An Interview with Helen Ruger about the Laidlaw Scholars Program (Part 2)

Bust of Hippocrates; photo credit: Pixabay.

Last month, I spoke with a Laidlaw scholar about her introduction to the program, her experiences with faculty mentorship, and the topic she chose to research in her first summer. This month, we’ll be discussing her second summer with the program and the interdisciplinary nature of her work and the Laidlaw program as a whole.

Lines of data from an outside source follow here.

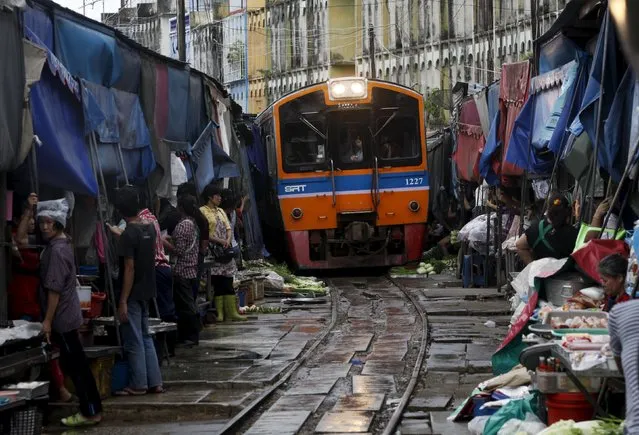 Thai vegetable market vendors pull back awnings and their produce off a railway track to allow a cross-country train to dissect through the middle of the town of Maeklong, in Samut Songkhram province, 60 km (37 miles) west of Bangkok in this August 16, 2012 file photo. (Photo by Chaiwat Subprasom/Reuters)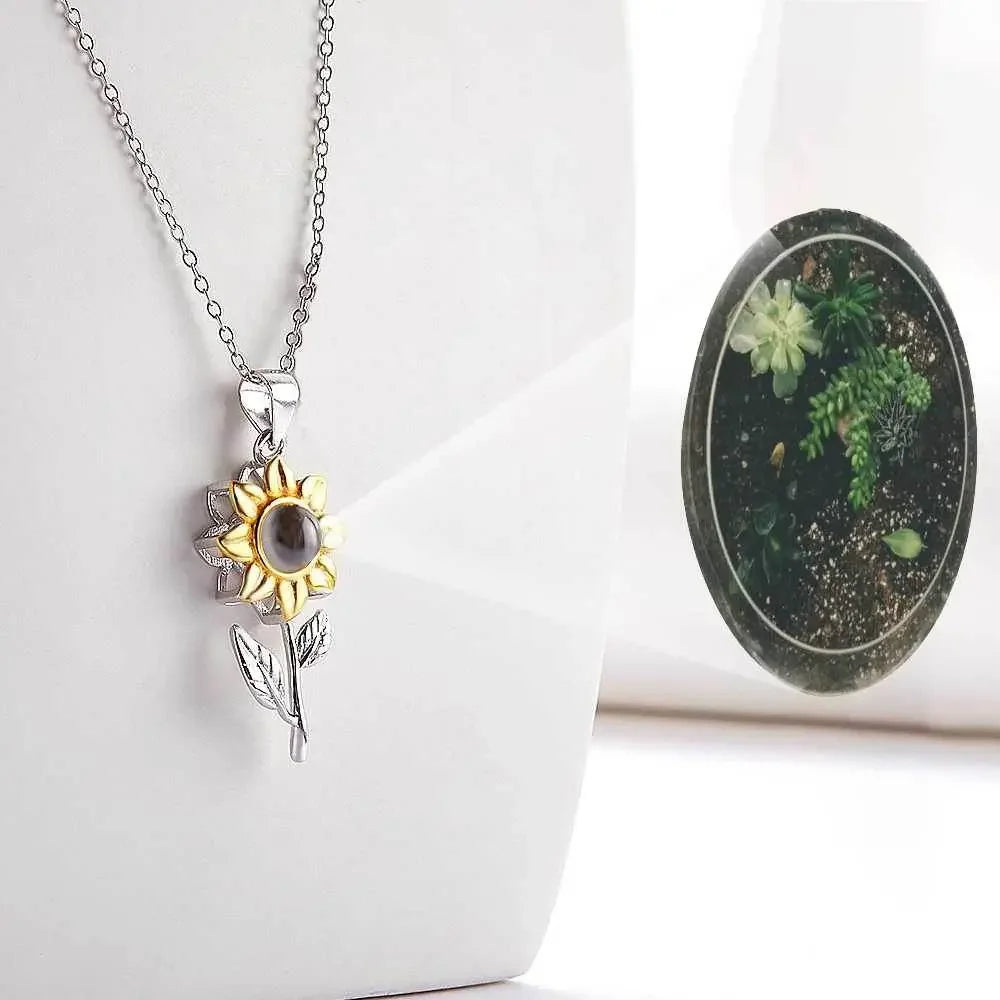 Silver sunflower pendant necklace with nano projection feature on a white background, Ivorynn jewelry.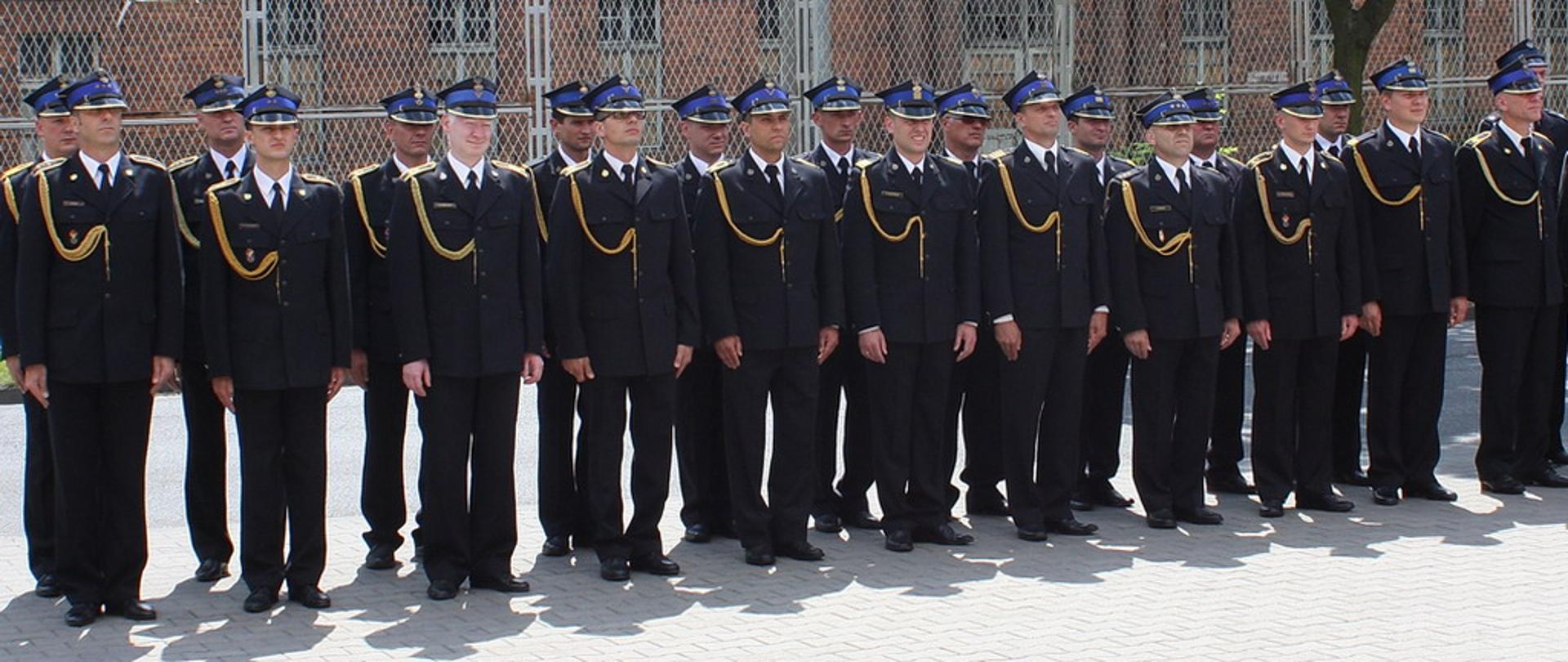 Zdjęcie przedstawia stojących w szeregu strażaków z KP PSP Pleszew ubranych w mundury wyjściowe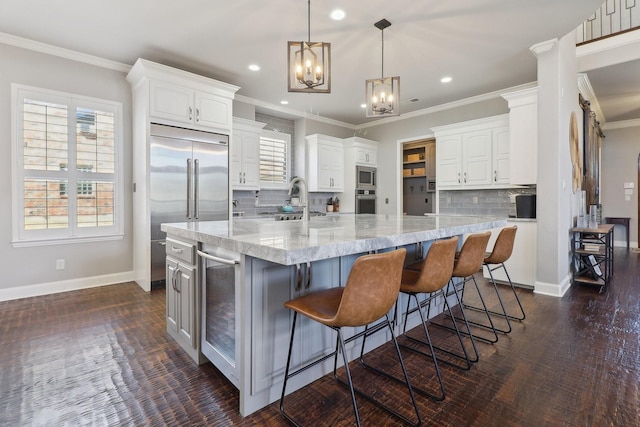 kitchen with built in appliances, ornamental molding, white cabinets, and baseboards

Helen: In Summer 2, I was very interested in starting to research the classical concepts of the female body. I was interested in medicine, because it provides a space to talk about sociopolitical agendas as they intersect upon the female body and how texts work to construct ideals of gender. I started looking at the Hippocratic corpus and works on women in that corpus. One example is a text called Diseases of Young Girls. My mentor then introduced me to Soranus, who was a Greek gynecologist who wrote in the 2nd century AD. I became interested in looking at how Soranus conceptualizes the psyche. He allows for mental intervention into the reproductive process, which is dramatically different from the Hippocratics who focus on physiology rather than the female mind. Soranus’ work is fascinating to me because of the ways in which he speaks about the interactions between the physical and the mental, and how these interactions endow the female patient with agency in important ways. In my research project, I asked what Soranus’ conceptualization of the psyche’s intervention means for ideas of the female patient as agent. Agency in Greek medicine is often relegated to men; male patients can have agency, but female patients are objects.

Virginia: Both of your projects are very interdisciplinary, and you were able to bring in your interests in different fields. Did you find that the Laidlaw program was a good environment for doing something of that sort?

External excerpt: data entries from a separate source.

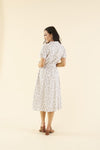 Back of cotton midi dress with chest pocket, decorative side buttons, elastic waist with sash, and A-line skirt in breathable white fabric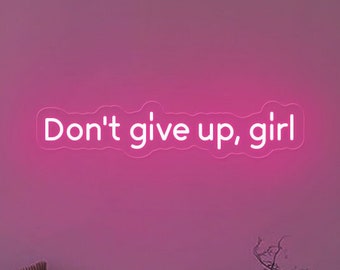 Puede incluir: Un letrero de neón rosa con el texto "Don't give up, girl" en una pared rosa. El letrero está colgado sobre un sofá con almohadas y una pequeña planta.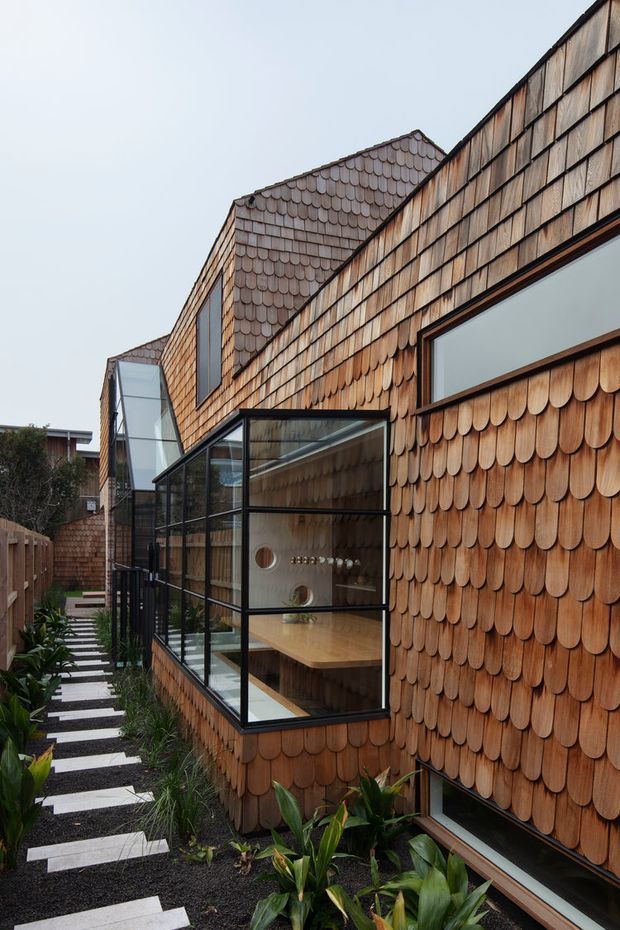 Exterior view of a contemporary multi-level residence clad in overlapping timber shingles, with black-framed glazing and a projecting glass-enclosed dining or living space. A narrow landscaped side path with rectangular stepping stones runs alongside the building.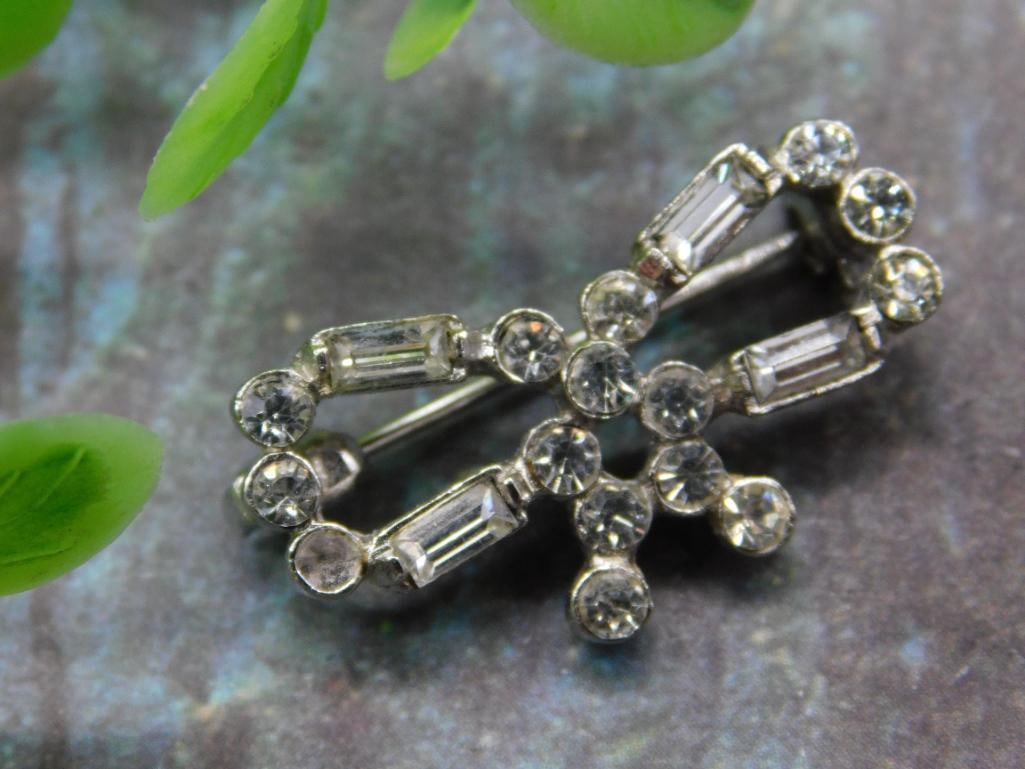 Crystal Bow Shaped Brooch Pin with Stone Accents: Bow-shaped brooch featuring multiple clear crystal stones of varying sizes, including round and rectangular cuts. Silver-tone metal structure with a secure pin-back clasp. Compact design ideal for dec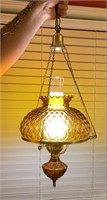 Beautiful amber light fixture on chain that hangs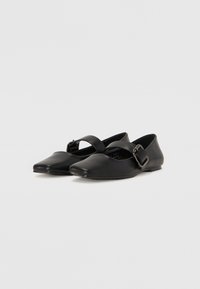 Des ballerines noires en cuir avec un bout pointu, présentant une sangle croisées et un détail de boucle métallique sur le côté. Texture lisse.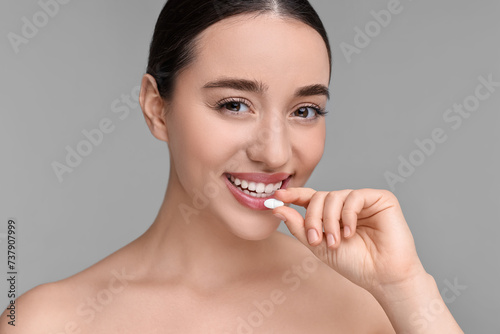 Beautiful young woman with vitamin pill on grey background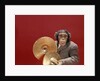 1960s chimpanzee wearing suit and tie playing cymbals by Anonymous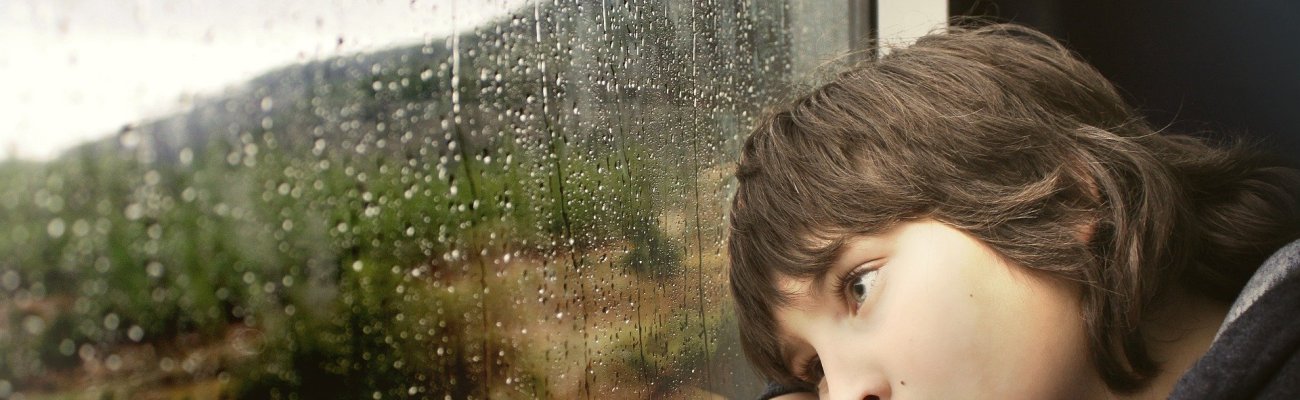 Junge schaut traurig aus Fenster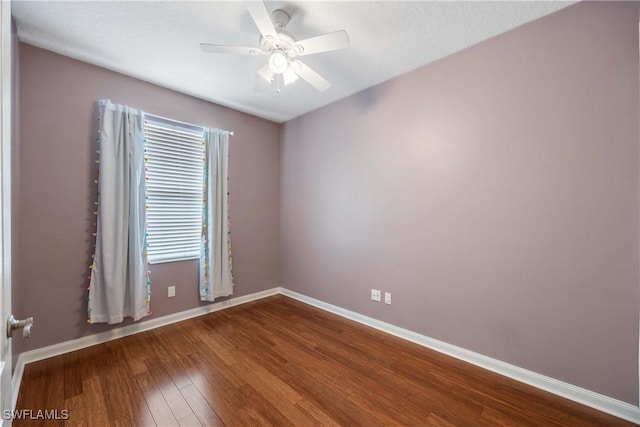 5831 Cove Cir Unit 6, Naples, FL 34119 - unfurnished room with dark wood-type flooring, baseboards, and a ceiling fan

Helen: I think one of the most interesting parts of the program is that there’s a research cohort, especially in the first summer. You’re meeting every week and hearing about your peers’ topics. It’s mind-blowing to see how cool everyone is and how engaged they are with ideas that I could never conceptualize. That part of the program is steeped in its mission. I do think it’s because it’s a self-designed research program, at least in the humanities (I know some of my science peers were part of labs, so their work was more delineated by the lab’s agenda or the PI’s agenda). But in the humanities, it’s very self-directed. Really, your research abilities and your need to find any sort of lens to use for your project are the only barrier to entry. So, I would say that Laidlaw lets you be very interdisciplinary.